Bella buraya gelmeden önce ne kadar panik yaptığını düşününce şaşırıyordu.

Çünkü hiçbir şey olmamıştı...

Hiçbir şey.

Edward'ın yanına gittiklerinde bilinci hala kapalıydı. Bir an elini tutmak, yüzüne dokunmak istemişti ama Alexander tepesindeyken yalnızca bakmakla yetinmişti. Şimdi Acil'in girişinde dikiliyorlardı. Alexander'ın yüzünde düşünceli bir ifade vardı.

"Kara kara düşünmesi gereken ben değil miyim? " 

dedi Bella sonunda dayanamayıp. Alexander uykudan uyanmış gibi irkildi. Gözlerini kıza çevirdi.

"Ah, sadece bağlantının ne olabileceğini merak ediyordum. Gerçi bir tahminim var."
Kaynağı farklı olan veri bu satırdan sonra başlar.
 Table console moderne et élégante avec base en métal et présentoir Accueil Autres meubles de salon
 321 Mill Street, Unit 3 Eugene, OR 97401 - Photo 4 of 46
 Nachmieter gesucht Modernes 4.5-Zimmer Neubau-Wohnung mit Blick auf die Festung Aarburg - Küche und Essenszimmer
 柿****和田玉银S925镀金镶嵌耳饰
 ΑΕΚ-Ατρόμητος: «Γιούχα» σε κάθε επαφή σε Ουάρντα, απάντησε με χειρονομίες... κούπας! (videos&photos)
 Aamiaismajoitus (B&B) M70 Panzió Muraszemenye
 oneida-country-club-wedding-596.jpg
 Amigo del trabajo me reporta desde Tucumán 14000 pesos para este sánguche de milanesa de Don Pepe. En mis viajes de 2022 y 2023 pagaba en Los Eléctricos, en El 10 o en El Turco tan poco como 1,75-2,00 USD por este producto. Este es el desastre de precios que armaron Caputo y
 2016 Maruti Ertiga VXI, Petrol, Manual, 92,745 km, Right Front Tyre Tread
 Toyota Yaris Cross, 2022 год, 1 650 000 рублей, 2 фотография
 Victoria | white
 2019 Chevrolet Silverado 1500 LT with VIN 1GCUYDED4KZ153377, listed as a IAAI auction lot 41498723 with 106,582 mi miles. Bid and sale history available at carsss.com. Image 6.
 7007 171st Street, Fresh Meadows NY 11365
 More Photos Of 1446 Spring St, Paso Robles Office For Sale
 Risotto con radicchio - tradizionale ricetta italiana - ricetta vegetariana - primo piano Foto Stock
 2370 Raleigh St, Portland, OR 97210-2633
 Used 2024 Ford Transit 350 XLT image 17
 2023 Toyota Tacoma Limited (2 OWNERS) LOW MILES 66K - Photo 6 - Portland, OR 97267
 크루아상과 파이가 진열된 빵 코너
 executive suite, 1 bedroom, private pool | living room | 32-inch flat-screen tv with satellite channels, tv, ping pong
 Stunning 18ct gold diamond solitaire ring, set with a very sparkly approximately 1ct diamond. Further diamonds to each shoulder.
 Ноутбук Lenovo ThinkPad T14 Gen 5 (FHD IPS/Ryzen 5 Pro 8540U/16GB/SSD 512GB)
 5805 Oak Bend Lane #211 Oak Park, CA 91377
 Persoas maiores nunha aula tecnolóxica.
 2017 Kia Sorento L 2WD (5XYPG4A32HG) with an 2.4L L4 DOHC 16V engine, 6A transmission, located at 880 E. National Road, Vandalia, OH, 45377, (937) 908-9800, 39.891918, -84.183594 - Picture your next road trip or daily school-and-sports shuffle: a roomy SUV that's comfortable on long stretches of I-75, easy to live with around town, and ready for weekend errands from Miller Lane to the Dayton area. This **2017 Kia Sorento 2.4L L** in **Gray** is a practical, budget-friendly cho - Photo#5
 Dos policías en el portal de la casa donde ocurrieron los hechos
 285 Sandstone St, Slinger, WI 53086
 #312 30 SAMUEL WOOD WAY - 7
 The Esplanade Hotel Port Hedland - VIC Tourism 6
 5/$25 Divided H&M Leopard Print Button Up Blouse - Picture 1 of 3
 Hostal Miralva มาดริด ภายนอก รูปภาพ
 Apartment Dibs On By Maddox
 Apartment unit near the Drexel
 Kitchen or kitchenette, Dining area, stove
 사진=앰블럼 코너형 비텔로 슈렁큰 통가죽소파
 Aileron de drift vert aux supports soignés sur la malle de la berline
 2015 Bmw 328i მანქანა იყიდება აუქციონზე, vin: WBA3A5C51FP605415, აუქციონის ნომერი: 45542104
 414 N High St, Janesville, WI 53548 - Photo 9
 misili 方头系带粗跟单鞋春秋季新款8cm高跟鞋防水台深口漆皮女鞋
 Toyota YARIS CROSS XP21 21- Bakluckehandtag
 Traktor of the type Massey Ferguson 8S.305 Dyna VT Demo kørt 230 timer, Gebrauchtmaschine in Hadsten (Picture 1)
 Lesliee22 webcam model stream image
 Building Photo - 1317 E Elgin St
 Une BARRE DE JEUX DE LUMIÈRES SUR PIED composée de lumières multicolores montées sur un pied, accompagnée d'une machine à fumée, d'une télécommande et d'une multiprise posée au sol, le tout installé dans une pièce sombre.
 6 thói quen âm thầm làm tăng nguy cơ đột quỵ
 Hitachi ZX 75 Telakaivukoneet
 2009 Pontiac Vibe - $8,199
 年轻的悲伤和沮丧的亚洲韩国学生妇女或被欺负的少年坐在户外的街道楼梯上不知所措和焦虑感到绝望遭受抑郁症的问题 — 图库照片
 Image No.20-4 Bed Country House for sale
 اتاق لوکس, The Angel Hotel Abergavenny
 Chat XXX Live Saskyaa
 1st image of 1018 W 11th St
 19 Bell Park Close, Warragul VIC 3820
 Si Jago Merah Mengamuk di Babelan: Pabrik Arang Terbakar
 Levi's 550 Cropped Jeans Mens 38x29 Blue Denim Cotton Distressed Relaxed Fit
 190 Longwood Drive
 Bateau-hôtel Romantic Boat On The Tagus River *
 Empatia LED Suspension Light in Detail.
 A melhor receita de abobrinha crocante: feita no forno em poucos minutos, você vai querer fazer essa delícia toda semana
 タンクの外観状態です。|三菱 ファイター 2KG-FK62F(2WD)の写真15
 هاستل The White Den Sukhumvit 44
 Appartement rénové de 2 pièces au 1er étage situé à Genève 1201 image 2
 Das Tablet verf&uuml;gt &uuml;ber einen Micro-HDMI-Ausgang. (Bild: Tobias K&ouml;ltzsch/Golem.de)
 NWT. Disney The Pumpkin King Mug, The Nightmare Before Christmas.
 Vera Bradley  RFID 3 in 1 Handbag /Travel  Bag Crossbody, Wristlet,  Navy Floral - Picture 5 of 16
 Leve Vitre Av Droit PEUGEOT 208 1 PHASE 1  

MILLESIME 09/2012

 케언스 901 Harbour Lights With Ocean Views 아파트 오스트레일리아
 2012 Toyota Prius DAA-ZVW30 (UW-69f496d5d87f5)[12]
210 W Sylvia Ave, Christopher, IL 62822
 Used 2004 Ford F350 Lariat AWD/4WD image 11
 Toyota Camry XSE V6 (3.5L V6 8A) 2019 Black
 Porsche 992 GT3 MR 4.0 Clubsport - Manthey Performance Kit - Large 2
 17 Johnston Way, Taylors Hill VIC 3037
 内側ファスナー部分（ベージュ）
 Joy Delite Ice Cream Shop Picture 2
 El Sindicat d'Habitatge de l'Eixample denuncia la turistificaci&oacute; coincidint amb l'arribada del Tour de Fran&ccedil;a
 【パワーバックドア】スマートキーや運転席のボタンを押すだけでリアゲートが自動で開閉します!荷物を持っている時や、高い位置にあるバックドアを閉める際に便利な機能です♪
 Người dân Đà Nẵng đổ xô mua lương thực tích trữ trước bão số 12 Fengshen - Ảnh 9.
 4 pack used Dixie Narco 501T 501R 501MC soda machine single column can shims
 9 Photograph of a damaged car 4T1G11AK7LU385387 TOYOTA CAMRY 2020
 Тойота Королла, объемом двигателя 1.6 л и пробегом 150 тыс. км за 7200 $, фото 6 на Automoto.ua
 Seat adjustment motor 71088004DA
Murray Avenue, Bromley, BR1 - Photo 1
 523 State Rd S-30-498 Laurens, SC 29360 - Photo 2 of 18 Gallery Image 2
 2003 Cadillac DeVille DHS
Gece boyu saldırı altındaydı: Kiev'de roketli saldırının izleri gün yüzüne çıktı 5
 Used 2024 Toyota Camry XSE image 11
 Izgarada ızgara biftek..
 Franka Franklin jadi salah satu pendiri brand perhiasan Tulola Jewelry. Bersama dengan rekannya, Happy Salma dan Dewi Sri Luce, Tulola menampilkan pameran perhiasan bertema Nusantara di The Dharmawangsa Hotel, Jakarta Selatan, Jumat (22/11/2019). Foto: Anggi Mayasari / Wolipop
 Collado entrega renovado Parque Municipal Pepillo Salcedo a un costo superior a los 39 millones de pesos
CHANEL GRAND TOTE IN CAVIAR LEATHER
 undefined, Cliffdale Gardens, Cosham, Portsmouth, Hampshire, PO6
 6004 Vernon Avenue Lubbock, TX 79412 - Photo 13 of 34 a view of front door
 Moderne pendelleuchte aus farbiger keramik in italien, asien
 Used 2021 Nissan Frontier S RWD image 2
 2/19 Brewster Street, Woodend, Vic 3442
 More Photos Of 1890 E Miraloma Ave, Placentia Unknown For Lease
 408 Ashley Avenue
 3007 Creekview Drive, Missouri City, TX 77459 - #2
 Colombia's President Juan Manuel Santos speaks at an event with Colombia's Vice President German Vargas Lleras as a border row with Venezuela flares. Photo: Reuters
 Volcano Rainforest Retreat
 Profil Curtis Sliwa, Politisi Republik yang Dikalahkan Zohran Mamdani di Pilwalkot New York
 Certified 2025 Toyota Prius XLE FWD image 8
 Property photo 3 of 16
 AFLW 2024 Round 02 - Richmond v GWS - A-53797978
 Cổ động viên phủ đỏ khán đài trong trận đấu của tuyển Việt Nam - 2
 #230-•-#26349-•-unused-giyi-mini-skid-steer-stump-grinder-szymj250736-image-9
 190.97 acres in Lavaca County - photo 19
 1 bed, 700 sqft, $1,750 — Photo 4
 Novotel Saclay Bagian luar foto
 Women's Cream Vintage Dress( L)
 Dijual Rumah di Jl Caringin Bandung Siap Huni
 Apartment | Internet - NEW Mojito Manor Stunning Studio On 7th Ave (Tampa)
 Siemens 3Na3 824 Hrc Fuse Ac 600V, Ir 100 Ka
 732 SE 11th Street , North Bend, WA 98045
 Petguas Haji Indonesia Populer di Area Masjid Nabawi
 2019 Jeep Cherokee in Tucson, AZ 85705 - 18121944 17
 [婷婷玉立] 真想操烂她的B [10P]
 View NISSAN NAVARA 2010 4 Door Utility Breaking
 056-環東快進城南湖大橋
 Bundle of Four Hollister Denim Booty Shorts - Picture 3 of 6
Omuz silkti. Bella'da aynını yaptı. Böyle görünürde "rahat" tavırlar sergileyip konuşmasına kendisi de anlam veremiyordu. Dengesiz, çözümleyemediği bir ruh hali içindeydi. Aslında Edward'la olan geçmişini kimse bilsin istemiyordu. Bu hem onu utandırırdı, çünkü ameliyathanedeki olayı çoktan herkes duymuştu, hem de Rosine'in tepkisinden korkuyordu. Sevgilisi kısmen komadaydı ve onun değil eski sevgilisinin adını söylemesi muhtemelen pek hoşuna gitmezdi. Bella bu konuda ne düşünmesi gerektiğini gerçekten bilmiyordu. Evden çıkarkan Edward'ın uyandığına, birbirlerine sarıldıklarına ve tekrar birlikte olduklarına dair bir hayal kurmuştu. Aptalcaydı. Edward daha Bella'nın onun bir kaç metre ötede olduğunu bilmeden öylece yatıyordu. Bundan hep korkmuştu; tekrar ümitlenmek ve hayal kırıklığına uğramaktan.

"Bir şeyler yiyelim mi?"

Alexander bu teklife şaşırmış görünüyordu. Bella hastanedeyken dışarı çıkmak gibi bir istekte bulunmazdı hiç, hele Alexander'la.

"Neden olmasın?"

Bella hastanenin karşısındaki, her zamanki restorana gitmek üzere hareketlendi ama Alexander onu durdurdu.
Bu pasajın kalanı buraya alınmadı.